Three Forks Press | Dallas, Texas

The Author

Michael V. Hazel

MICHAEL V. HAZEL is a major figure in the upsurge of interest in Dallas history that has occurred in recent decades. He is editor and founder of Legacies: A History Journal for Dallas and North Central Texas (now in its twentieth year), and also founder of the Dallas History Conference that in 2008 held its ninth annual session.

He is a native of Dallas, a graduate of Southern Methodist University with a major in history, and holder of a PhD in history from the University of Chicago. Hazel has been interim director of two of the city's major historical organizations, the Dallas Historical Society and the Dallas Heritage Village, and he helped in researching and gathering archival material for the Old Red Museum of Dallas County History and Culture.

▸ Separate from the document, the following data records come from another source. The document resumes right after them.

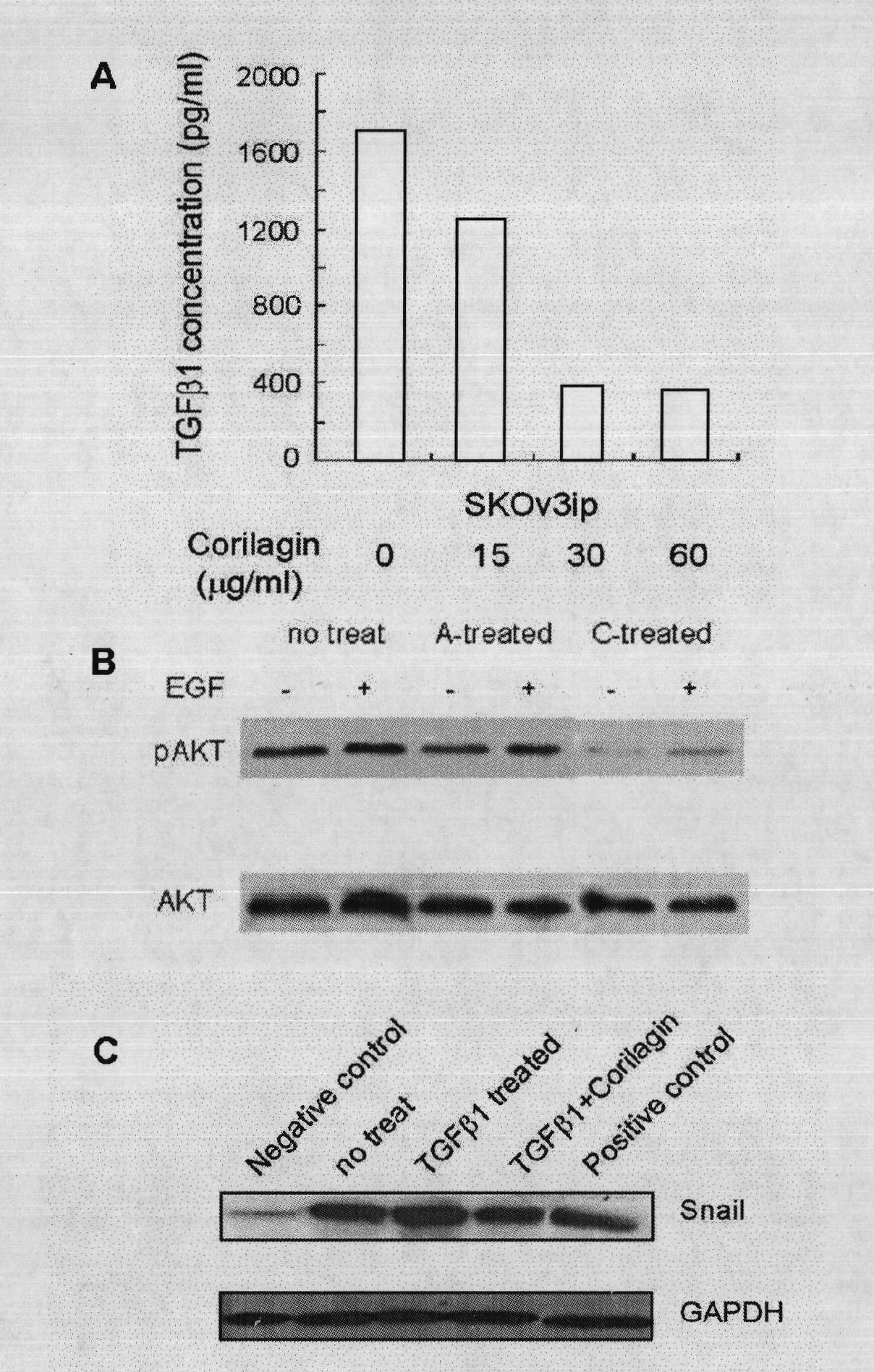 Application of Corilagin in preparing anti-tumor drugs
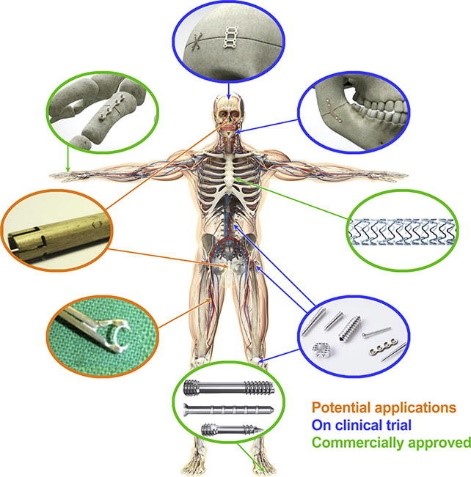 Various potential applications of Mg as a biodegradable metallic biomaterial for cardiovascular and orthopedic implants and devices 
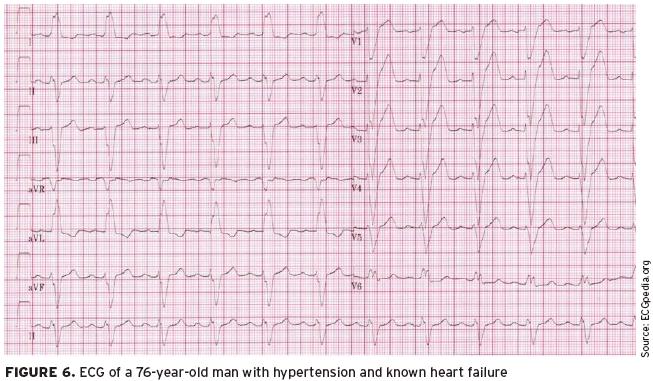 A 76-year-old man with hypertension and known heart failure presented with dyspnea. On physical examination, no heart murmur was appreciated but rales were heard in both lung fields.
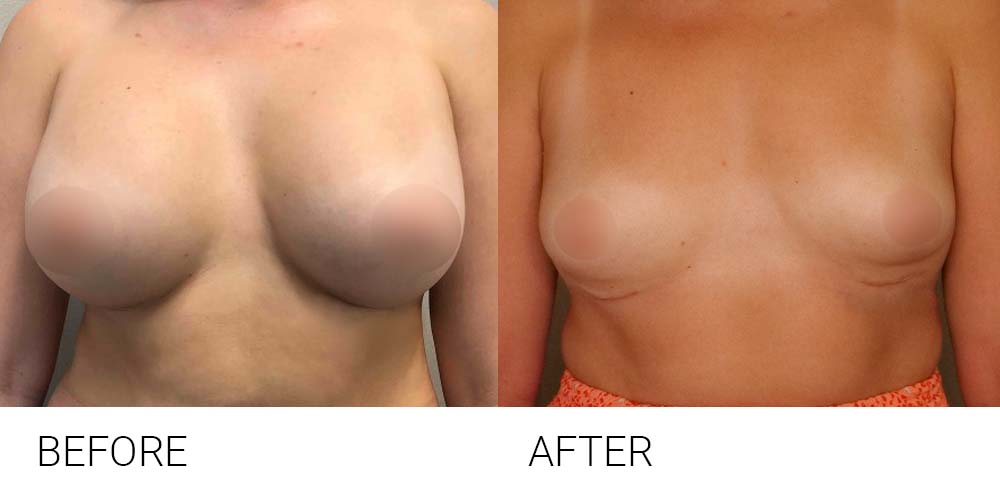 2021-07-implant-removal Breast implant removal covered by Medicare Australia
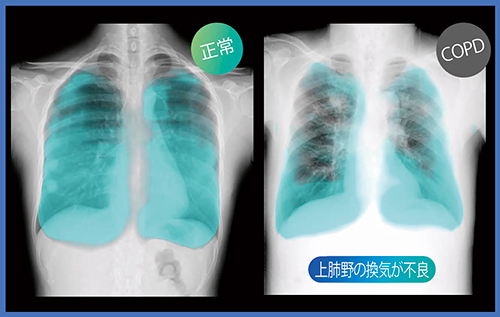 図3　COPDの肺野内濃度変化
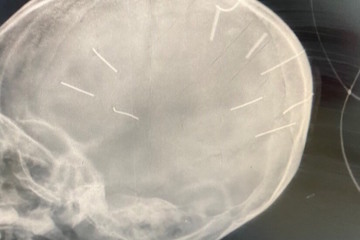 Bé gái 3 tuổi hôn mê, nguy cơ tử vong cao nghi ngờ bị bạo hành với hình ảnh phim X-quang nhiều đinh bắn vào sọ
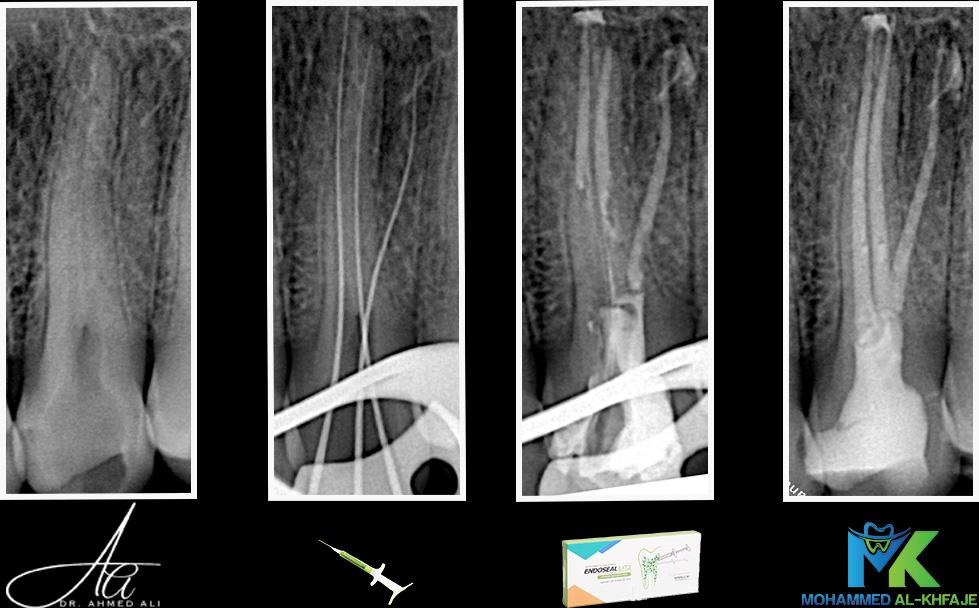 Root canal treatment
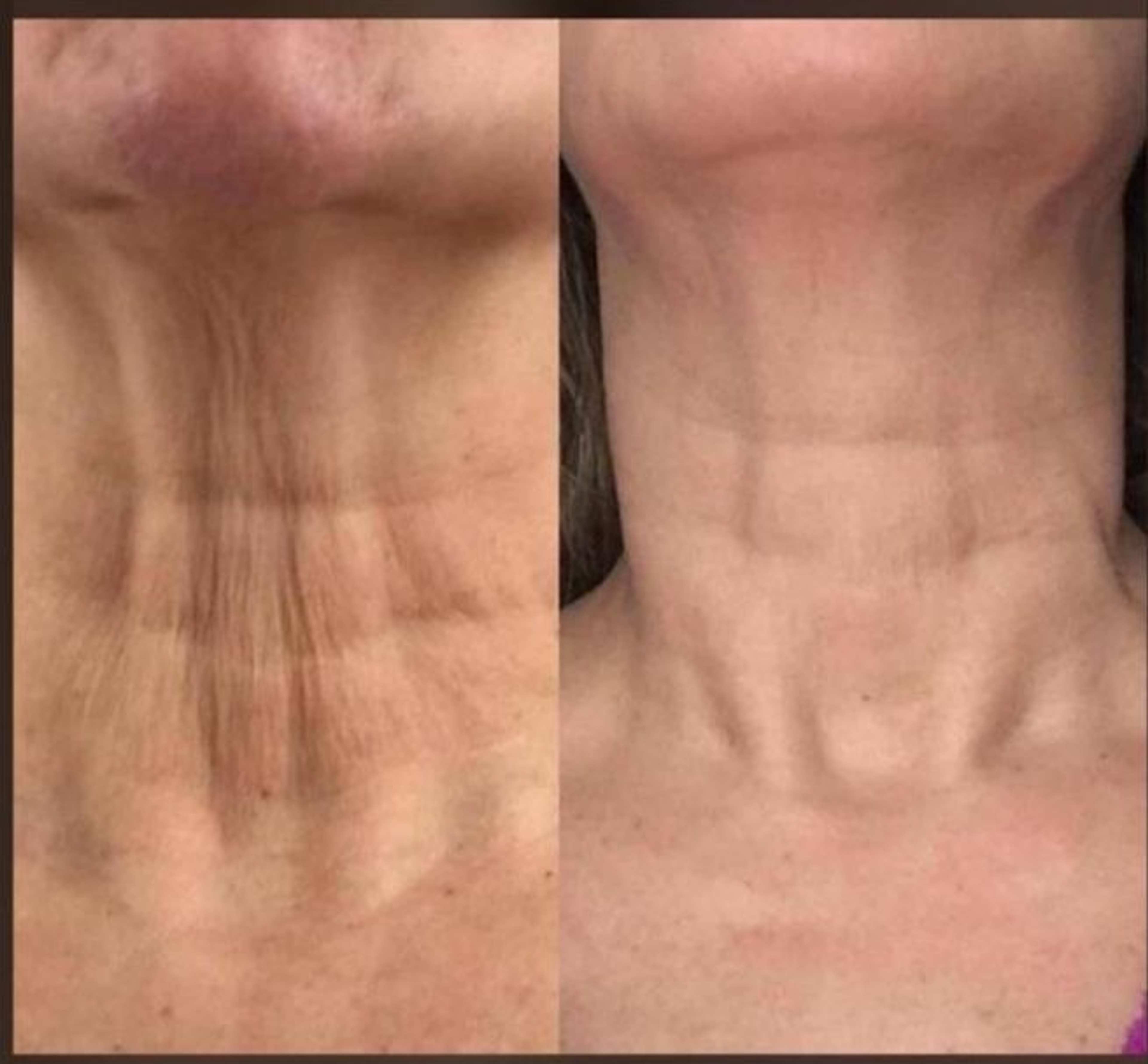 Neck Tightening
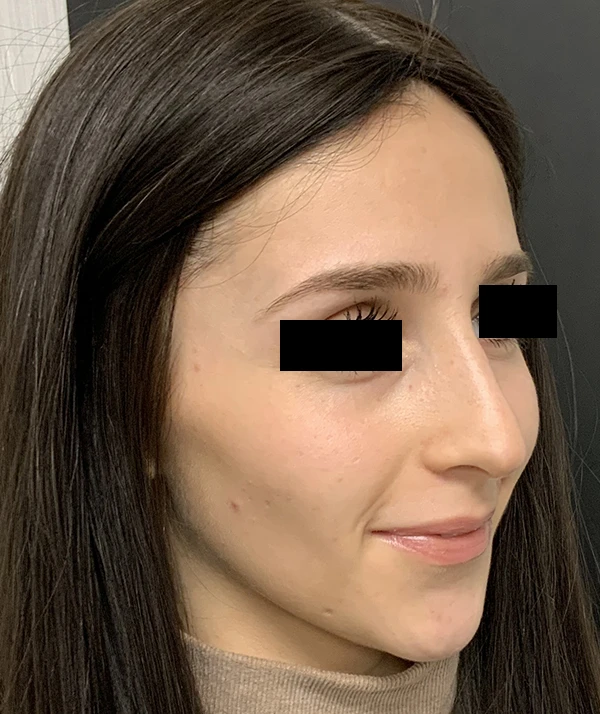 Rhinoplasty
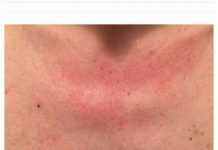 Zašto me tijelo svrbi nakon tuširanja? Ako i vi imate crvene mrlje, evo zašto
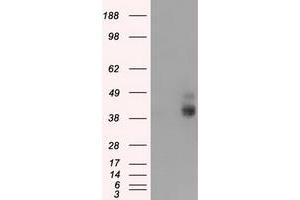 HEK293T cells were transfected with the pCMV6-ENTRY control (Left lane) or pCMV6-ENTRY BSG (Right lane) cDNA for 48 hrs and lysed. (CD147 Antikörper)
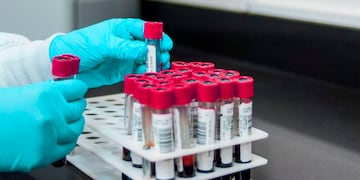 La vacunación no corta la red de contagios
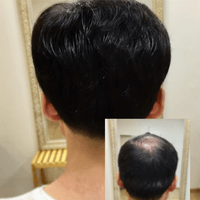 男士頭頂稀疏補髮後腦對照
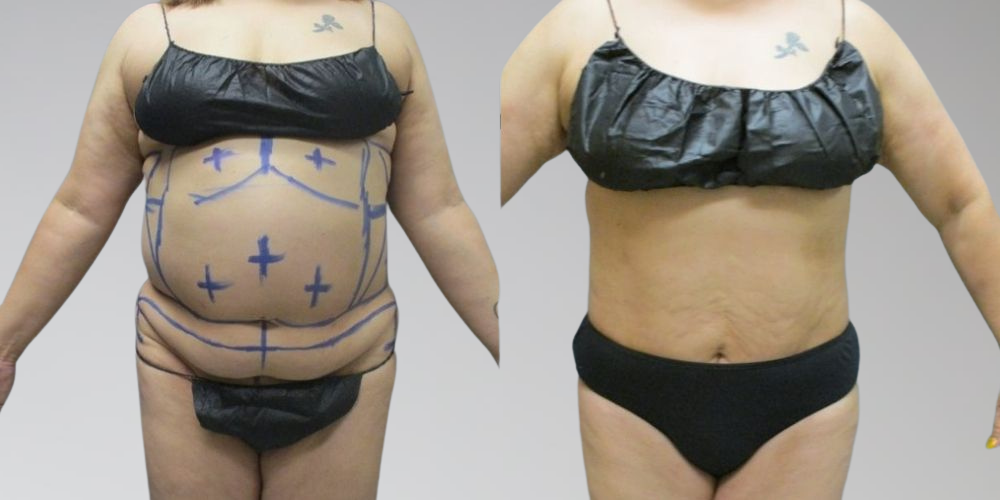 Female patient before and after laser liposuction and AbEX at Sono Bello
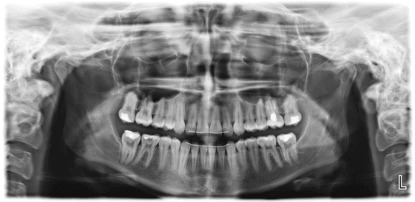 Панорамна снимка на зъби (OPG)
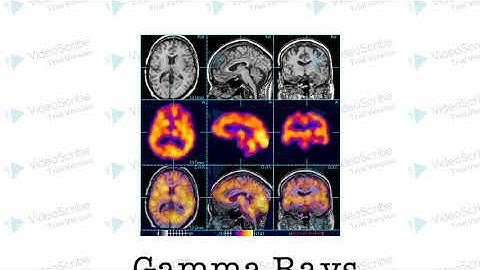 Benefits and Impacts of Radioactive Tracers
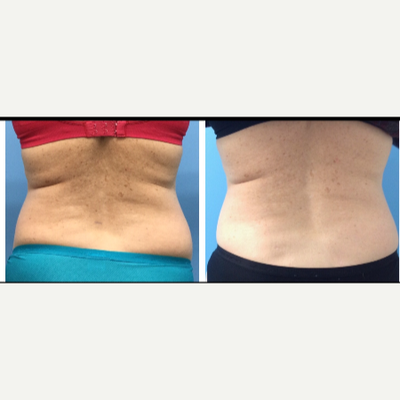 CoolSculpting before and after photo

He has written extensively about Dallas. His books include Dallas Reconsidered: Essays in Local History (1995), Dallas: A History of Big D (1997), Dallas Public Library: Celebrating a Century of Service, 1901-2001 (2001), and (ed) Stanley Marcus from A to Z (2000). He was editor of Historic Photos of Dallas (2006) and photo editor of Dynamic Dallas: An Illustrated History (2002).

(continued) ...
MORE »

Our Books

Dallas Reconsidered - $14 *

Essays in Local History

Dallas Reconsidered: Essays in Local History, edited by Michael V. Hazel, is a collection of essays appearing originally in Heritage News and Legacies. Hazel is the author himself of nine of the thirty essays, and the others are written by local historians whose findings are putting the city's past in a new light. The essays are divided into five sections: Establishing a Community, Building a City, Ethnic Groups in Dallas, Women in Dallas, and Special Events in Dallas. The essays, well-researched and readable, have such titles as "Navigating the Trinity," "Early Italian Settlers in Dallas," "Dallas Women's Clubs," and "Those Magnificent Men in Their Flying Machines." The back cover of the book notes "Some Surprising Facts About Dallas." These include the story of a steamboat that came up the Trinity to Dallas from the Gulf of Mexico in 1867, a German beer garden that in 1886 made first use in town of outdoor electric lights, a thriving Italian community that supported an Italian language newspaper for many years, a cotton mill owned and operated by African Americans just after 1900, and the election of two activist women in 1908 to the school board at a time when women could not vote.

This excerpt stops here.